Email is about group-forming

John Udell’s instant classic:

Every interpersonal e-mail message creates, or sustains, or alters the membership of a group. It happens so naturally that we don’t even think about it. When you’re writing a message to Sally, you cc: Joe and Beth. Joe adds Mark to the cc: list on his reply. You and Sally work for one department of your company, Joe for another, Beth is a customer, and Mark is an outside contractor. These subtle and spontaneous acts of group formation and adjustments of group membership are the source of e-mail’s special power.
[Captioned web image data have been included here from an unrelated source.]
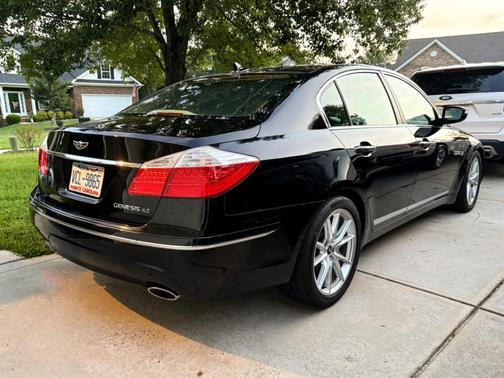Black 2010 Hyundai Genesis 4.6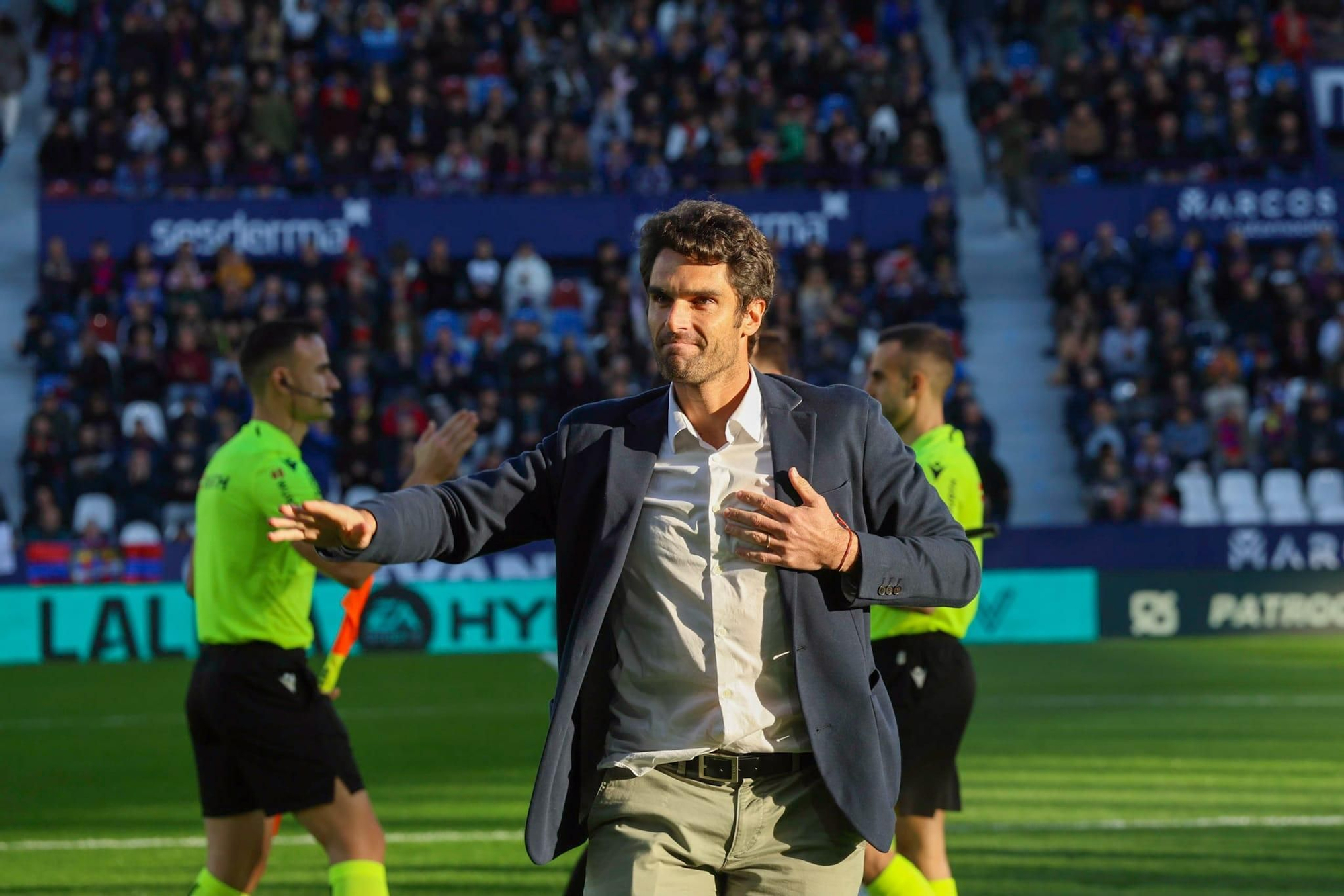 El Levante - Huesca, en imágenes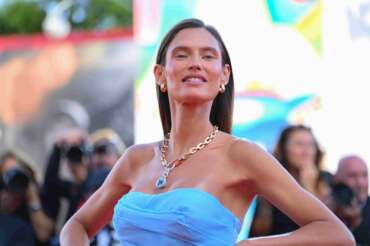 Come sta Bianca Balti, che cos’è il tumore ovarico e come si cura: il post su Instagram e le figlie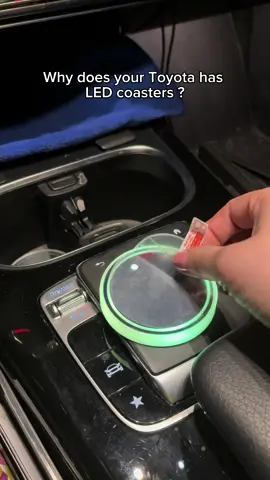 Best car decor 🌚🌙 #cargadgets #carcommunity #caraccessories #fypシ゚viral #giftideas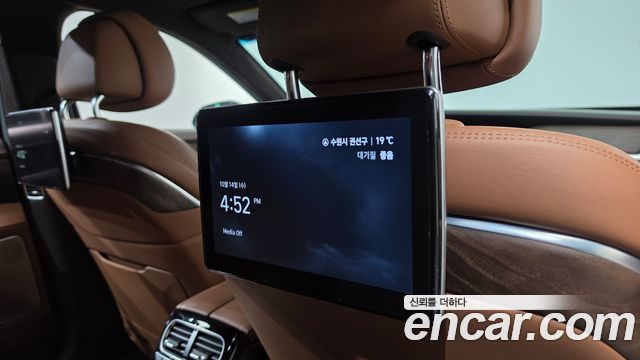 Genesis G90 2019 — photo 42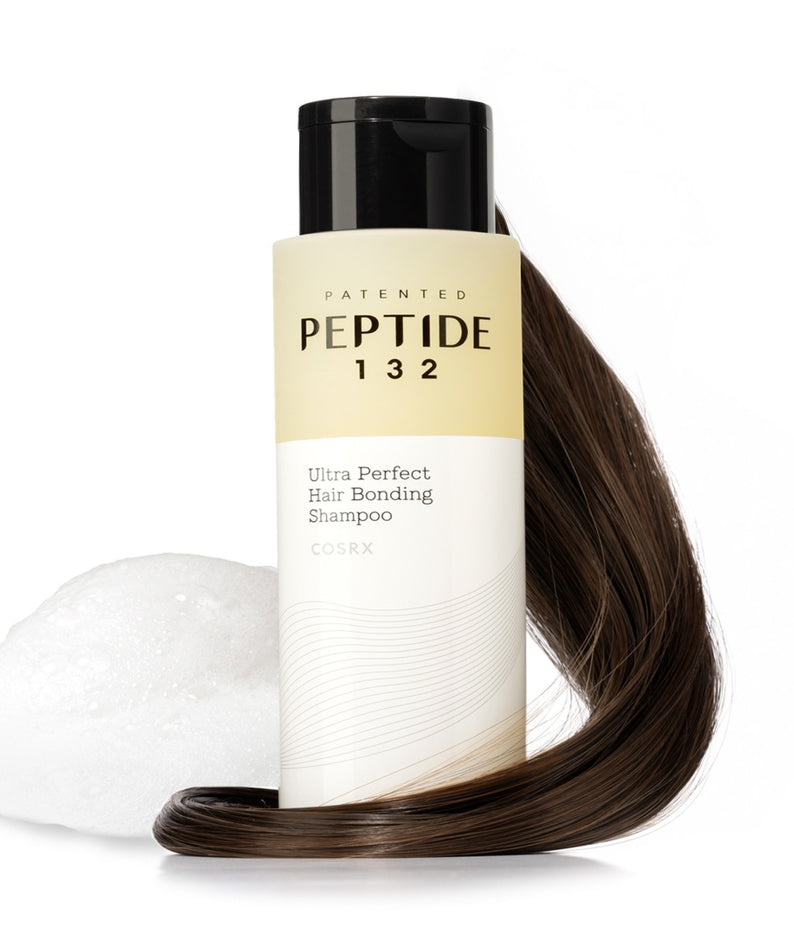 COSRX Peptide-132 Ultra Perfect Hair Bonding Shampoo 200ml : flacon noir sur fond blanc avec mousse et mèches de cheveux, marque COSRX.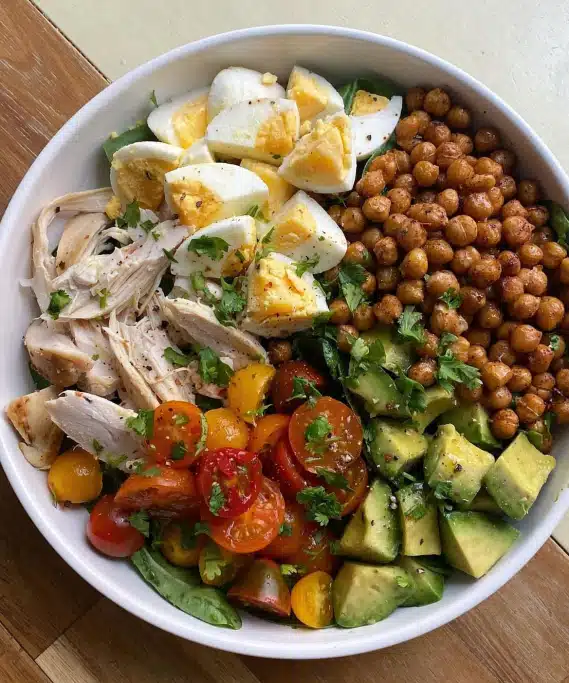 Protein‑Packed Chicken Chickpea Salad Bowl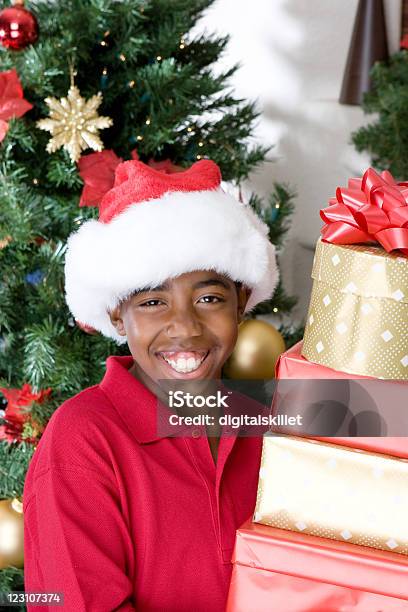 Niño En Navidad Foto de stock y más banco de imágenes de Adorno de navidad - Adorno de navidad, Africano-americano, Alegre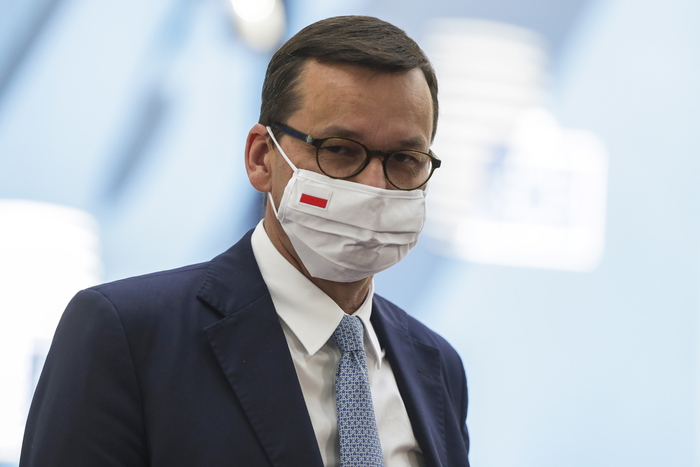 epa08739788 (FILE) Poland's Prime Minister Mateusz Morawiecki wearing a face mask arrives for the fourth day of the European Council meeting in Brussels, Belgium, 20 July 2020 (reissued 13 October 2020). On 13 October 2020, Polish Prime Minister Mateusz Morawiecki has announced he is going on quarantine after having contact with a person infected with coronavirus Covid-19.  EPA/STEPHANIE LECOCQ / POOL *** Local Caption *** 56225714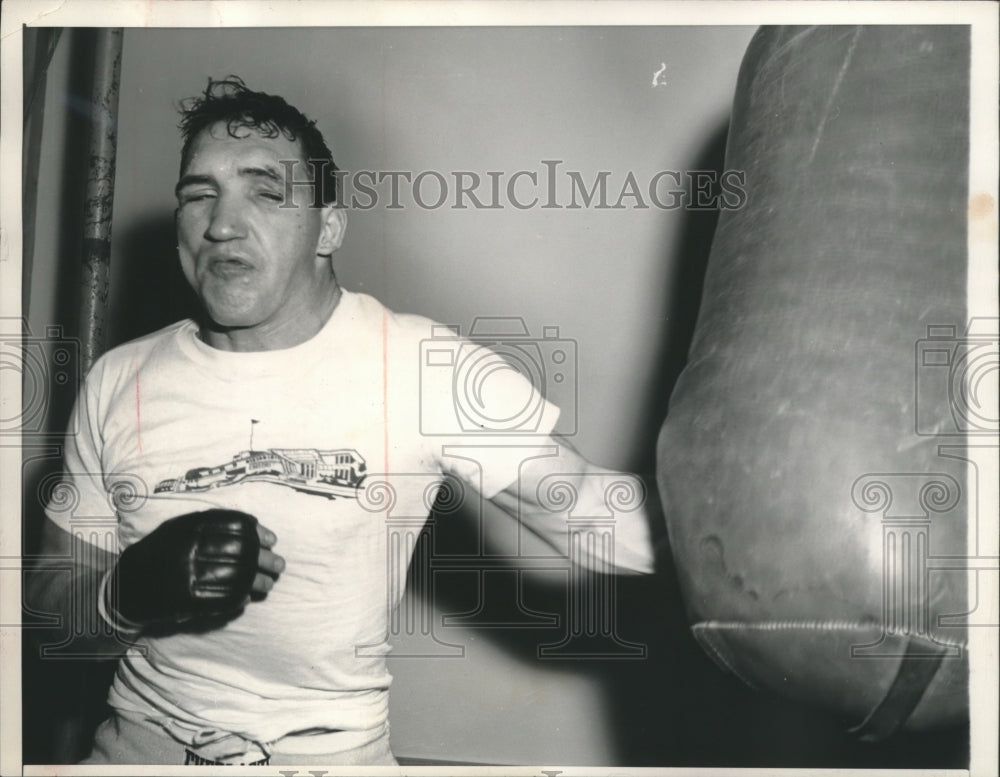 1957 Press Photo Middleweight Boxer Gene Fullmer training for a match- Historic Images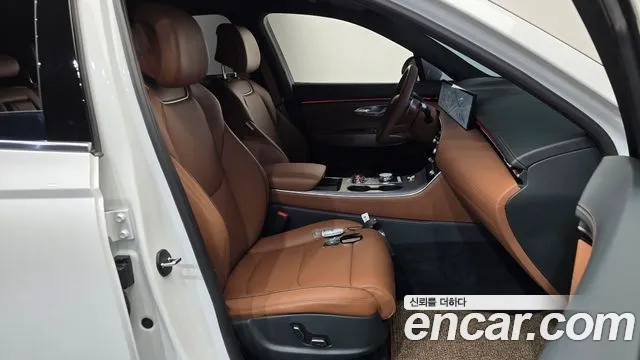 Genesis GV70 — Фото автомобиля 16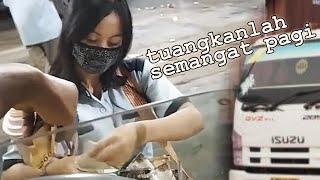 Download lagu Selamat Pagi Bakul Kopi Tuangkan Semangat Memulai Hari ☕ Saati Sopir Truk lelah Ngopi Viral Story Wa mp3 Download lagu Selamat Pagi Bakul Kopi Tuangkan Semangat Memulai Hari ☕ Saati Sopir Truk lelah Ngopi Viral Story Wa mp3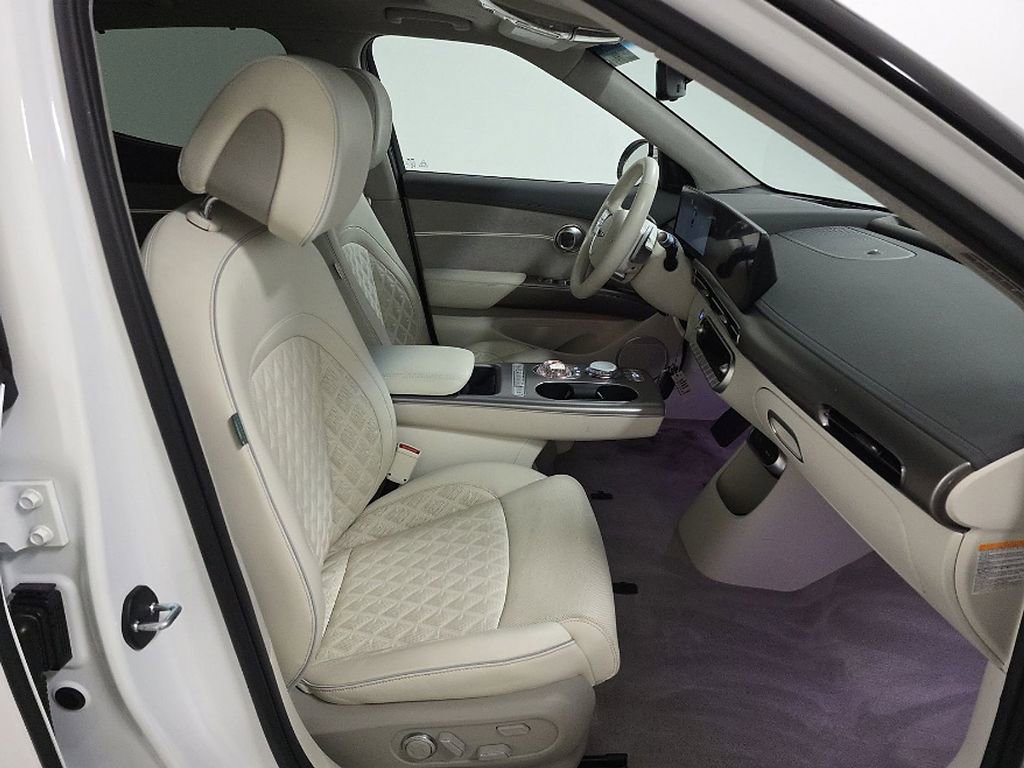 Used 2025 Genesis GV60 Performance image 10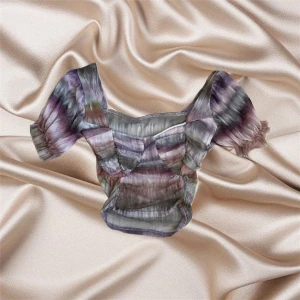 Flerfärgad topp - Jättefin föerfärgad topp i mesh, det är tyg för brösten så den är inte genomsknlig där😍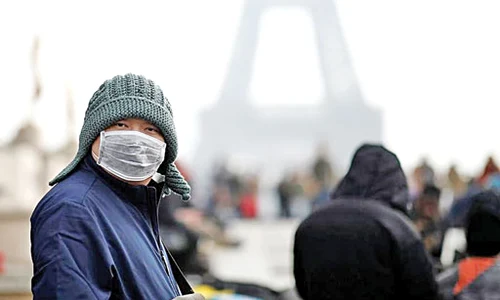 4 5 3col coronavirus mask paris jpeg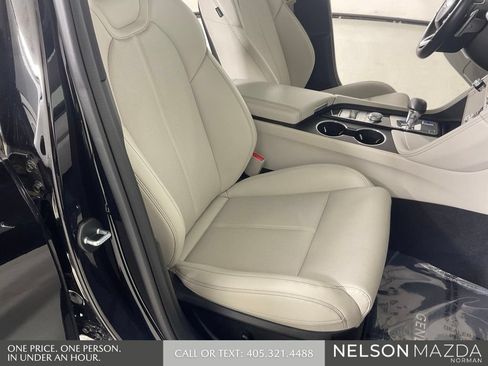 Used 2025 Genesis G70 2.5T RWD image 28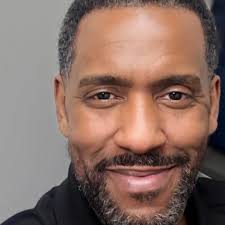 Crossing the street be like… #daphniquesprings #trending #viral #pedestrian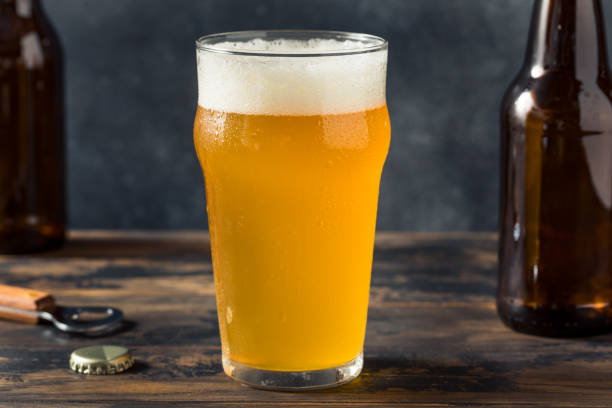 cerveza fría refrescante boozy farmhouse ale - cerveza tipo ale fotografías e imágenes de stock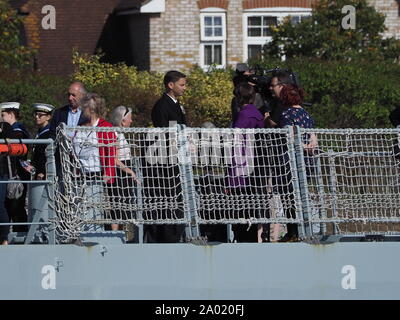 Chatham, Kent, Großbritannien. 19. September 2019. HMS Medway wurde heute morgen offiziell in den historischen Naval Stadt von Chatham mit zahlreichen VIPs anwesend in Auftrag gegeben. Sie ist benannt nach dem Fluss Medway und Medway Towns und es ist ungewöhnlich für ein kriegsschiff in der Umgebung in Betrieb genommen werden Sie nach benannt ist. Sie ist die erste Royal Navy Schiff im Chatham Dockyard in Betrieb genommen Seit 1988. Credit: James Bell/Alamy leben Nachrichten Stockfoto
Without any help from an administrator, we transcend the boundaries not only of time and space but also of organizational trust.
An ad-hoc group convened by e-mail dissolves unless membership is reaffirmed by each message. This is a feature, not a bug. Many of the groups that perform work in a modern organization are transient. A hallway conversation is over in minutes; a spontaneous collaboration can last a day; a project may take a week. Software that requires people to explicitly declare the formation of these groups, and to acknowledge their dissolution, is too blunt an instrument for such ephemeral social interaction. Like an operating-system thread, an e-mail thread is a lightweight construct, cheap to set up and tear down.

4 thoughts on “Email is about group-forming”

  1. Although they’re not directly relevant to this post on e-mail, I saw these items and thought of you and SocialText:
    On October 13 and 14 Madrid will host the Net.es3 Conference devoted to the contributions of new technologies to social movements.
    http://blogalization.info/reorganization/?q=node/view/93
    Pointblog interviews Weblogs, Inc. CEO Brian Alvey about the business-to-business blogging start-up (translated from the French)
    http://blogalization.info/reorganization/?q=node/view/81
    Neal Stephenson, author of In The Beginning Was the Command Line, opens a wiki based on his latest novel, Quicksilver
    http://blogalization.info/reorganization/?q=node/view/68

  2. Hi Adina,
    How were your holidays?
    I just saw this item about Joi Ito and thought you might enjoy it.